Media manual

Domain knowledge

This tutorial is a good intro for building some domain knowledge. Bear in mind that the tutorial is rather old, and some ffmpeg functions have become deprecated - but the basics are still valid.

In the FFmpeg base code there is the ffplay.c player - a very good way to see how things are managed. In particular, some newer FFmpeg functions are used, while current pyglet media code still uses functions that have now been deprecated.

Current code architecture

The overview of the media code is the following:


Found in media/sources folder.

Source s represent data containing media information. They can come from disk or be created in memory. A Source ‘s responsibility is to read data into and provide audio and/or video data out of its stream.
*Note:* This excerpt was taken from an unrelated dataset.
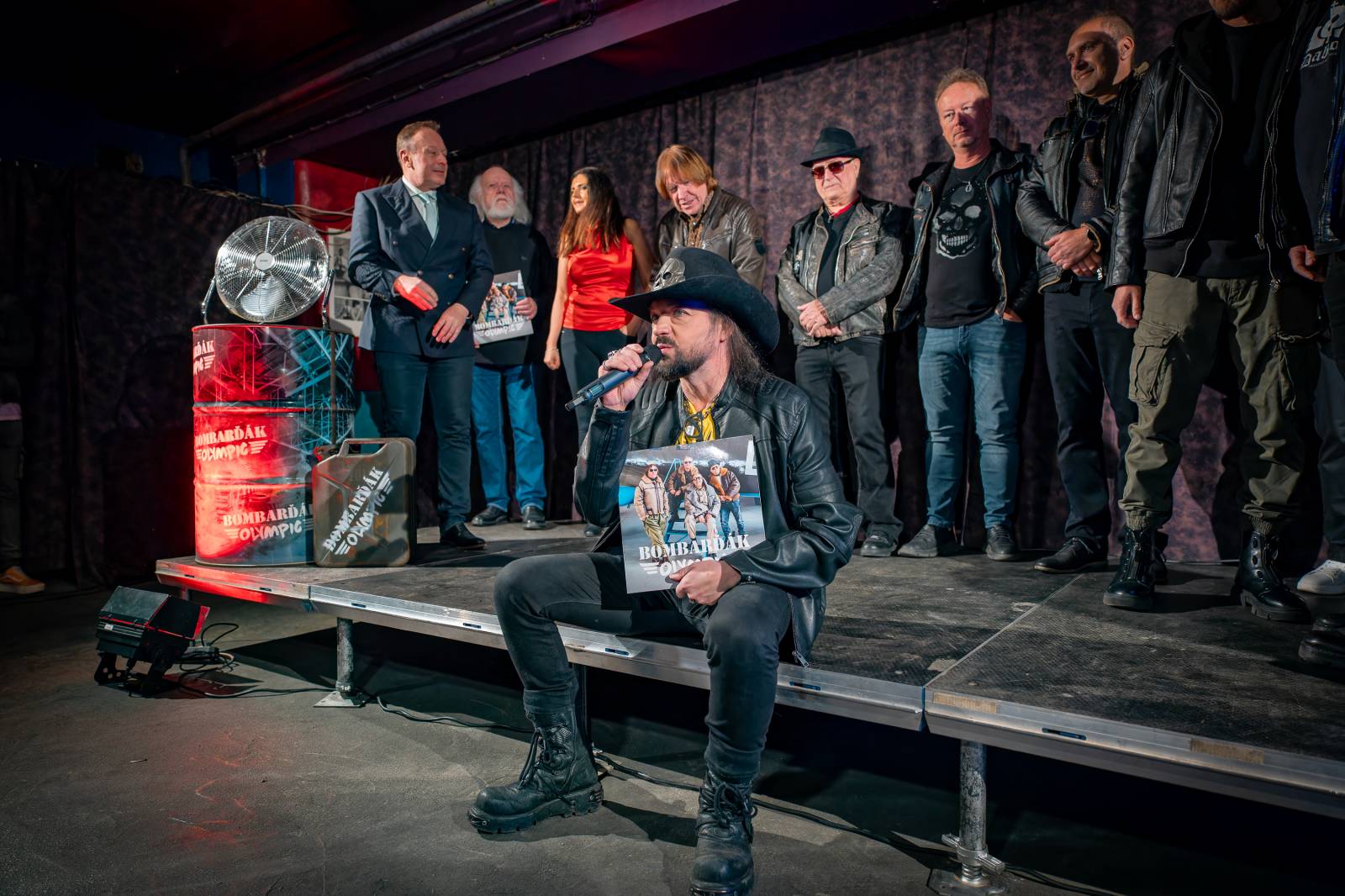 Olympic pokřtil nové album benzinem, kmotrem Bombarďáka se stala Lucie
Essentially, it’s a producer.


One implementation of the StreamingSource is the FFmpegSource. It implements the Source base class by calling FFmpeg functions wrapped by ctypes and found in media/sources/ffmpeg_lib. They offer basic functionalities for handling media streams, such as opening a file, reading stream info, reading a packet, and decoding audio and video packets.

The FFmpegSource maintains two queues, one for audio packets and one for video packets, with a pre-determined maximum size. When the source is loaded, it will read packets from the stream and will fill up the queues until one of them is full. It has then to stop because we never know what type of packet we will get next from the stream. It could be a packet of the same type as the filled up queue, in which case we would not be able to store the additional packet.
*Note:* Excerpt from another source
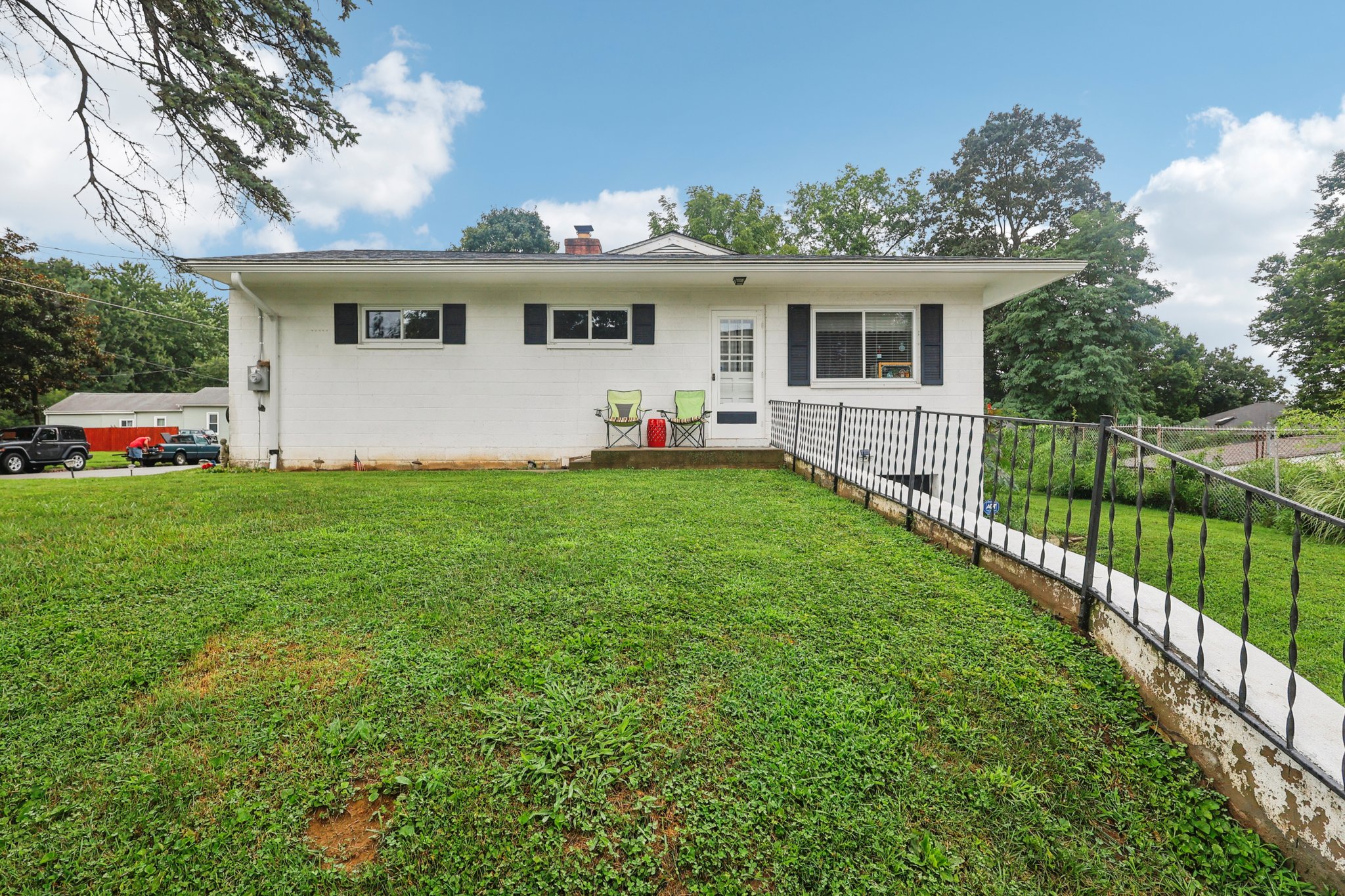 Parkland Ave-S0108-037.jpg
Whenever a Player - a consumer of a source - asks for audio data or a video frame, the Source will pop the next packet from the appropriate queue, decode the data, and return the result to the Player. If this results in available space in both audio and video queues, it will read additional packets until one of the queues is full again.


Found in media/

The Player is the main object that drives the source. It maintains an internal sequence of sources or iterator of sources that it can play sequentially. Its responsibilities are to play, pause and seek into the source.

If the source contains audio, the Player will instantiate an AudioPlayer by asking the SoundDriver to create an appropriate AudioPlayer for the given platform. The AudioDriver is a singleton created according to which drivers are available. Currently supported sound drivers are: DirectSound, PulseAudio and OpenAL.

If the source contains video, the Player has a get_texture() method returning the current video frame.

The player has an internal master clock which is used to synchronize the video and the audio. The audio synchronization is delegated to the AudioPlayer. More info found below. The video synchronization is made by asking the Source for the next video timestamp. The Player then schedules on pyglet event loop a call to its update_texture() with a delay equals to the difference between the next video timestamp and the master clock current time.

When update_texture() is called, we will check if the actual master clock time is not too late compared to the video timestamp. This could happen if the loop was very busy and the function could not be called on time. In this case, the frame would be skipped until we find a frame with a suitable timestamp for the current master clock time.


Found in media/drivers

The AudioPlayer is responsible only for the audio data. It can read, pause, and seek into the Source.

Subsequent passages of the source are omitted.